Dutton first visited Southeast Asia in 1987 as a junior at Brown University, where he studied history and international relations, and participated in a study abroad program that landed him in Singapore. He says he made the most of his time there by traveling throughout the region, making stops in Malaysia, Indonesia, Burma and Thailand.
“That was my first chance to explore the area, and I fell in love with the place,” says Dutton, who later earned a master’s degree in international relations from Yale University and a PhD in history from the University of Washington. “At an emotional level, Southeast Asia is a fascinating place. There’s such enormous diversity of people, culture, religious practices, tradition. It’s really a place where you can study human society in so many forms.”
Upon graduation, Dutton was hired by a non-profit organization in Washington that was developing and running smoking cessation programs in Vietnam.

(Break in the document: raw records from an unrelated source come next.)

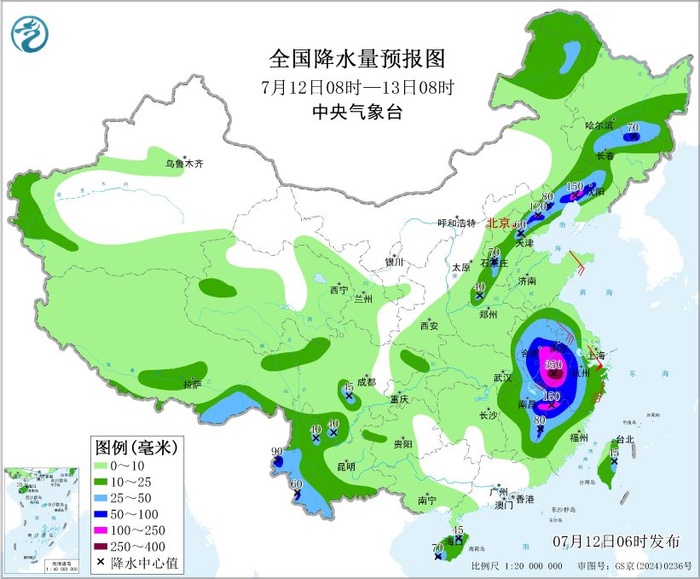 图4 全国降水量预报图（7月12日08时-13日08时）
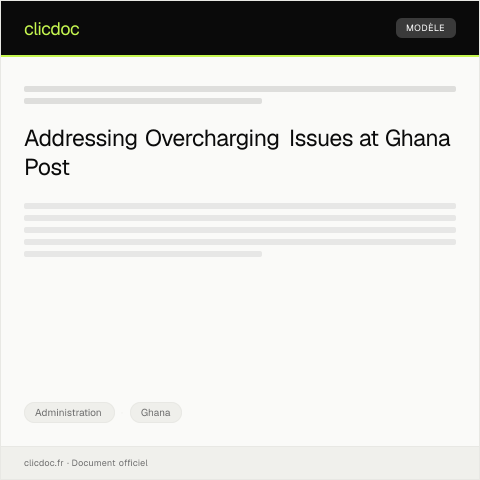 Document preview: Complaint about Overcharging by Service Providers at Ghana Post — Administration, Ghana
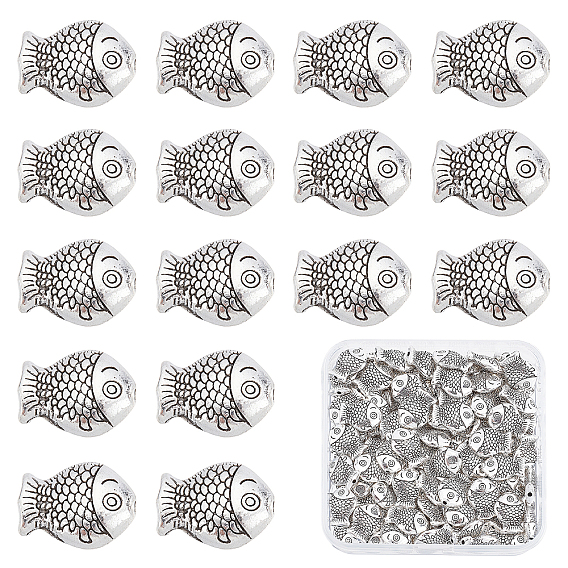 Сплавочные овальные бусины тибетского стиля , без кадмия и без свинца, рыба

As part of that internship, in early 1990 he helped lead an American tour group to Vietnam, a nation where tourism was still very much limited.

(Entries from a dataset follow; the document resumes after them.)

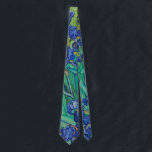 Gravata Van Gogh irrises. impressionismo floral azul<br><div class="desc">"Irises" do pescoço de Van Gogh. Arte do impressionismo floral azul.</div>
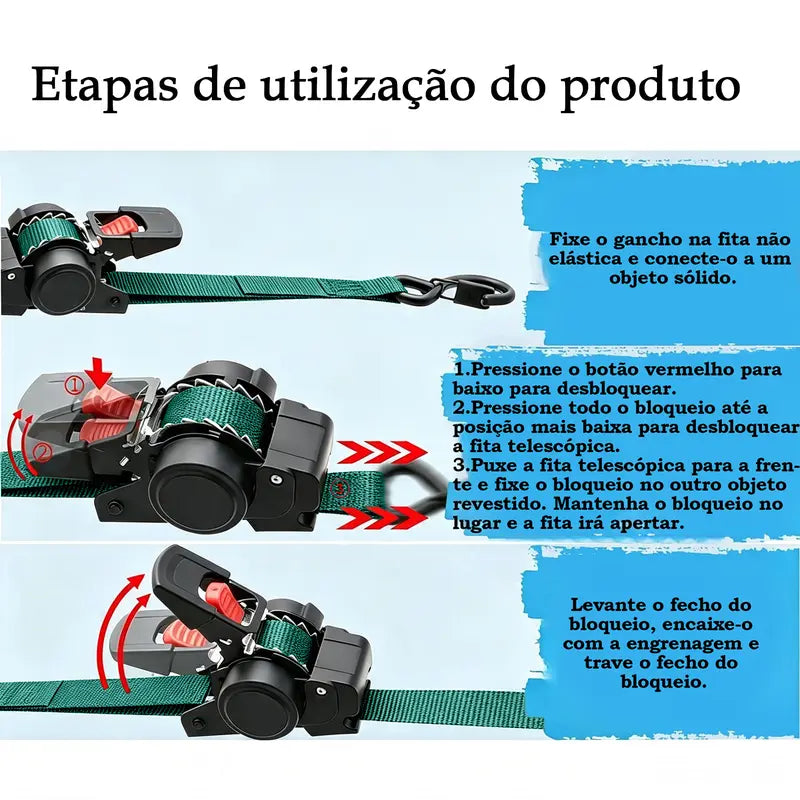 Cinta com Catraca Automática Retrátil 3,6m com Ganchos em S – Well Tools®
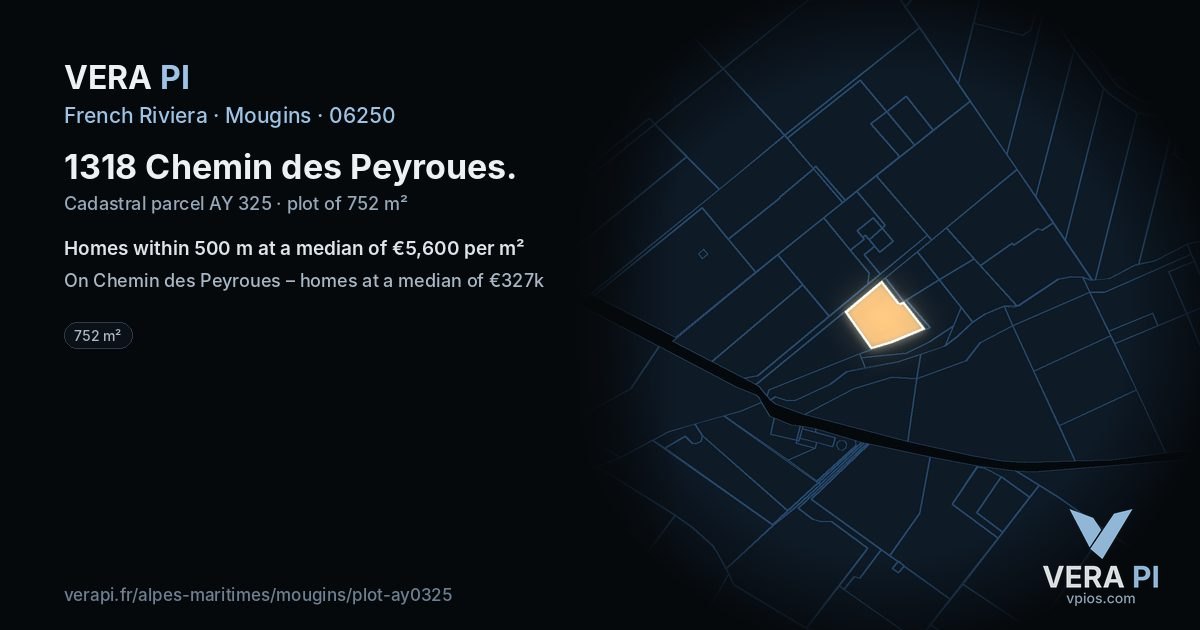 1318 Chemin des Peyroues, Mougins at night – the plot lit, the parcels around coloured by the prices near them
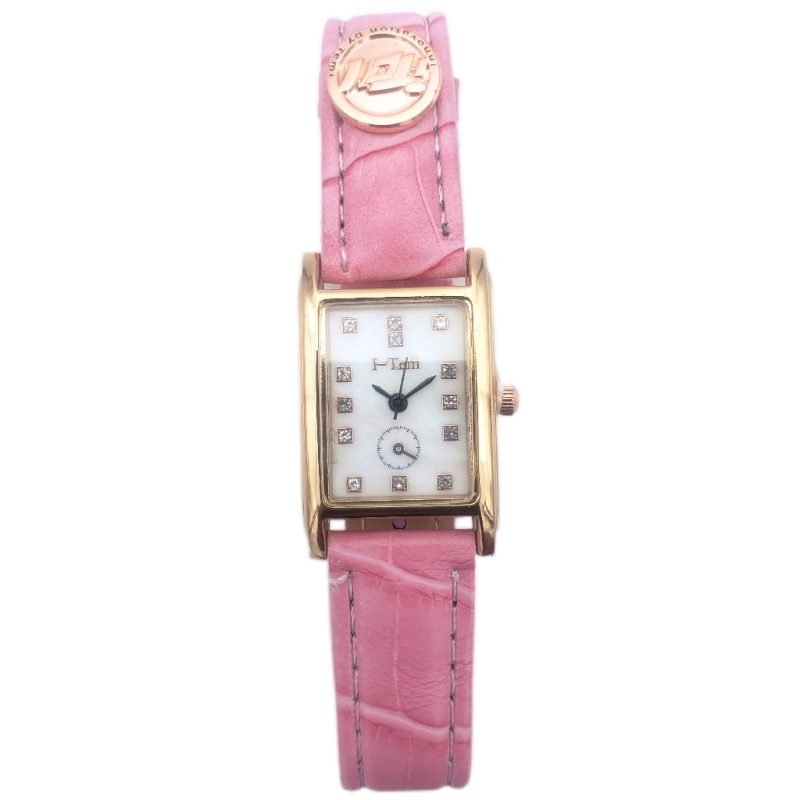 I-Tem Samara I-TW747 Ladies Quartz Diamond Design Square Leather Strap Wristwatch - Stylish and Elegant Timepiece for Women- I-Tem Innovation by Temi | ShopDecimals - pink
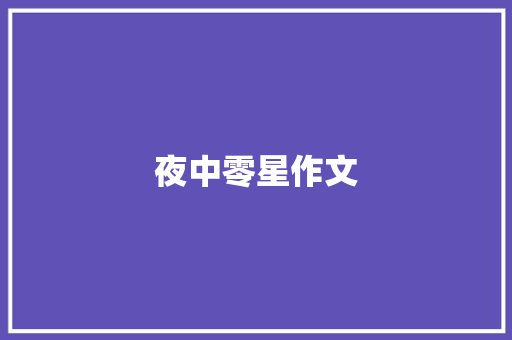 夜中零星作文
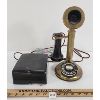 Image 1 : BRASS CANDLESTICK TELEPHONE W/ RINGER BOX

His passion for Southeast Asia led him to UCLA in 2001. At the time, the university’s Southeast Asian studies program was still very much in its infancy, and Dutton was keen to support its growth and development.
One of the program’s strongest features is its language programs, says Dutton, adding that there are consistently strong enrollment figures for Thai, Vietnamese, Tagalog and Indonesian classes. “For most of those languages, we have the highest enrollment of any language programs in the United States.”

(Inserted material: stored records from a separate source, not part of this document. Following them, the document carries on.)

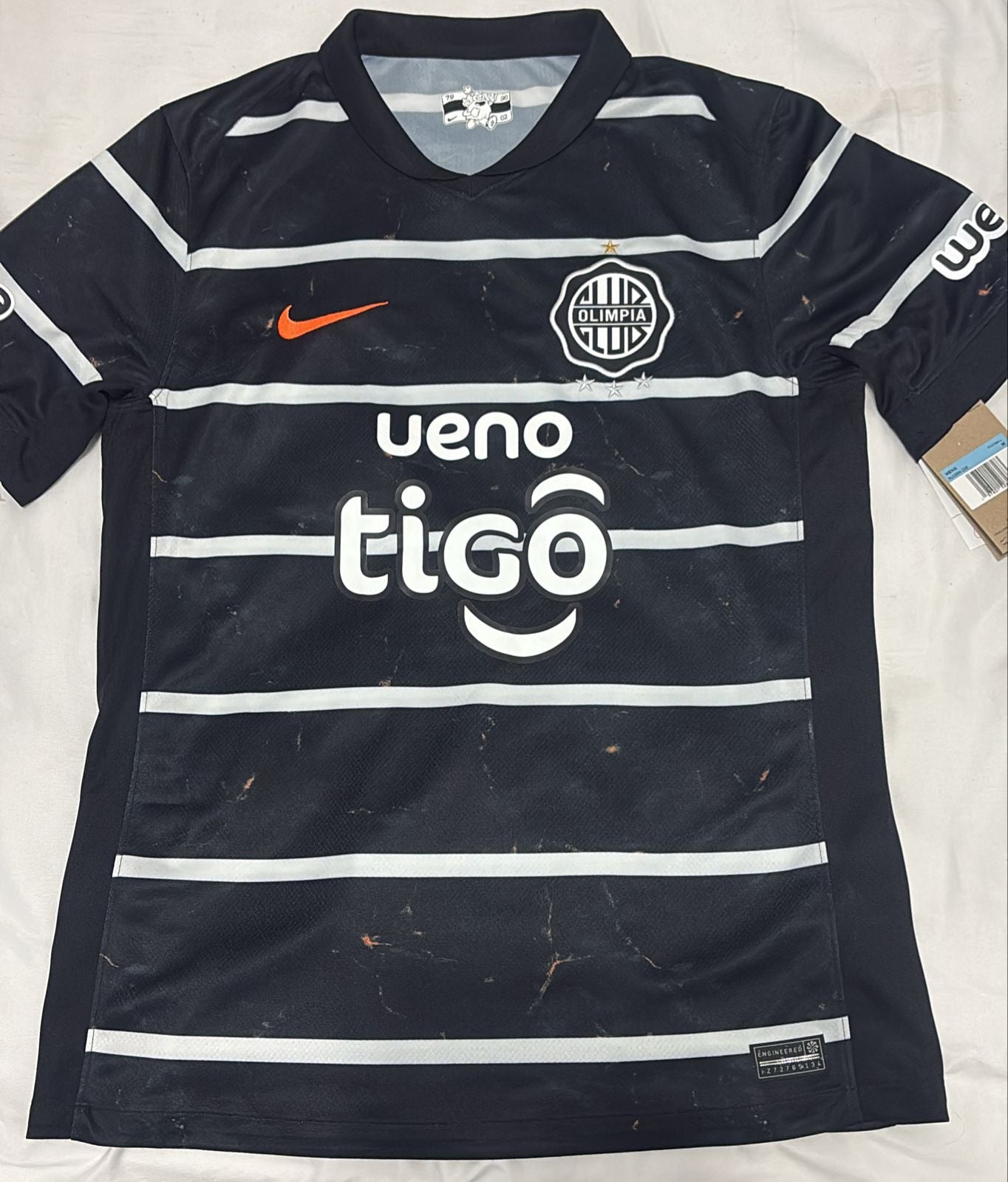 Camisa Club Olimpia Preta Marmorizada - Uniforme Visitante 2025 - Nike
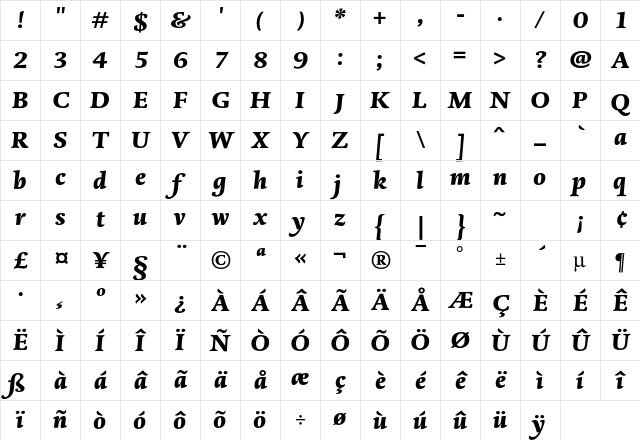 DTL Dorian T Black Italic Character Map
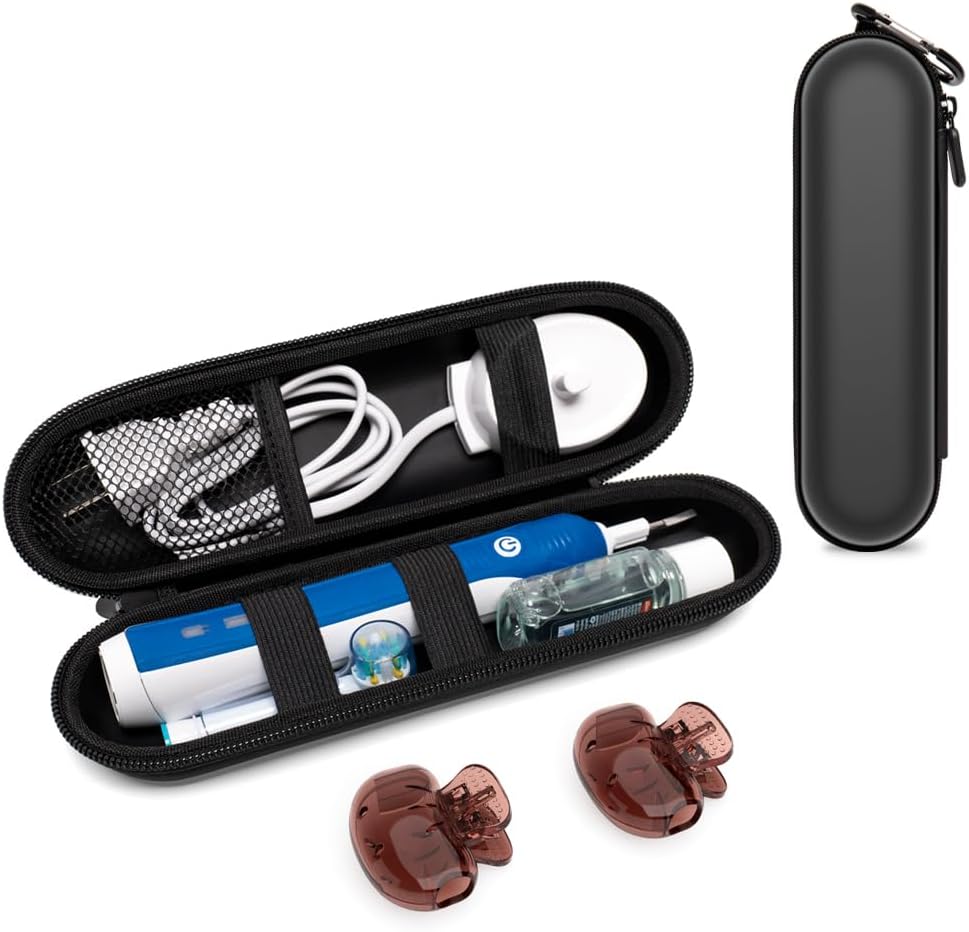 Nincha Electric Toothbrush Travel Case Compatible with Oral-B/Philips Sonicare/Colgate/Reach, and Most Electric Toothbrush, Includes 2 Universal Toothbrush Covers (Black Case + Brown Covers)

In addition to his research and teaching duties, Dutton, whose work has been published in Xua va Nay, South East Asia Research, the Journal of Southeast Asian Studies and The Journal of Vietnamese Studies, to name a few, served as director of the Southeast Asian Languages Program from 2006 to 2009 and chair of the Southeast Asian Studies Interdepartmental Program from 2004 to 2010.
In 2006, Dutton released his first book, The Tay Son Uprising: Society and Rebellion in Eighteenth-Century Vietnam. His latest book is a co-edited volume, Sources of Vietnamese Tradition, translates primary texts that explore the multifaceted history, culture, politics and society of Vietnam. The book, which is scheduled for release in June, is the latest title in the highly respected “Introduction to Asian Civilizations” series published by Columbia University Press.
In addition to his role as vice chair of the Department of Asian Languages and Cultures, a position he accepted in 2009, Dutton recently became chair of the Southeast Asia Council for the Association for Asian Studies. At UCLA he teaches courses on Vietnamese history and aspects of Southeast Asia. Among these is “Religion and Society in Southeast Asian,” which covers folk-religious practices, Christianity, Buddhism, Confucianism, spirit worship, Islam and Hinduism, all of which, says Dutton, have unique manifestations in Southeast Asia.
Dutton is also involved with planning and organizing a number of the free public talks offered by the UCLA Center for Southeast Asian Studies, which promotes innovative, interdisciplinary teaching and scholarship, and sponsors research, student scholarships and fellowships, language instruction, public lectures and conferences, and outreach to schools and communities.
This includes talks by Lan Chu, an associate professor of diplomacy and world affairs at Occidental College, who discuss ed religious protest in Vietnam on May 9 and Muhamad Ali, an assistant professor of religious studies at the University of California, Riverside, who spoke about diversity of religious pluralism in Indonesia on May 15.